- [Problem description] Once the line containing "糖果巧克力蛋糕加草莓樱桃和木制餐桌上的白奶油木勺子和杏仁糊棕色的投标图片" is found in the data below, repeat it and every later line exactly, leaving the pictures out.

- [Data provided]
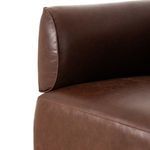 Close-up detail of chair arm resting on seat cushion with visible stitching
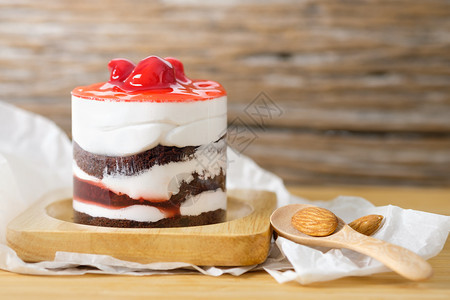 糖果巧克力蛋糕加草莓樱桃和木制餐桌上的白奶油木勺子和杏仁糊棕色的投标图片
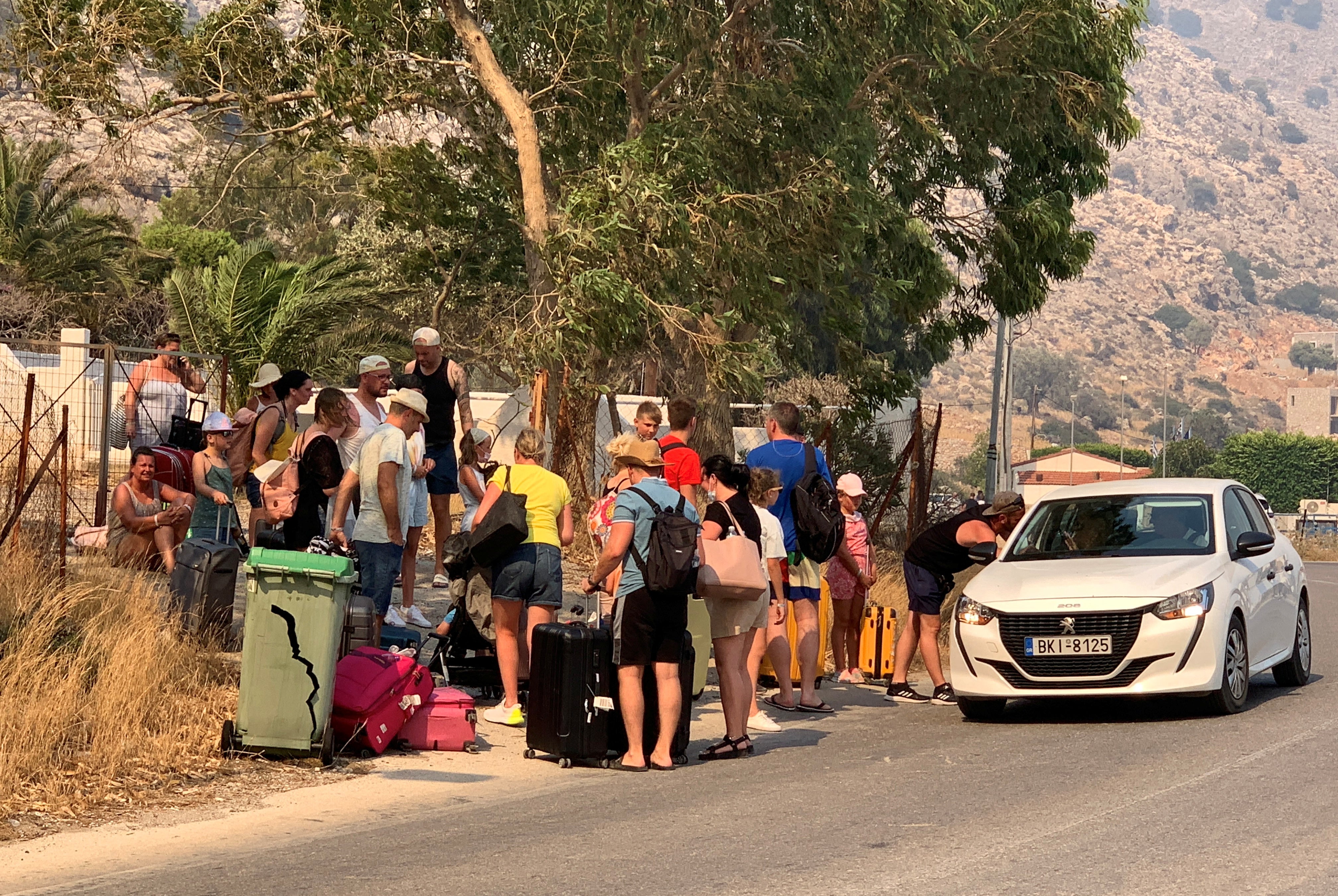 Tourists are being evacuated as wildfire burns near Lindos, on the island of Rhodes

- [Expected answer]
 糖果巧克力蛋糕加草莓樱桃和木制餐桌上的白奶油木勺子和杏仁糊棕色的投标图片
 Tourists are being evacuated as wildfire burns near Lindos, on the island of Rhodes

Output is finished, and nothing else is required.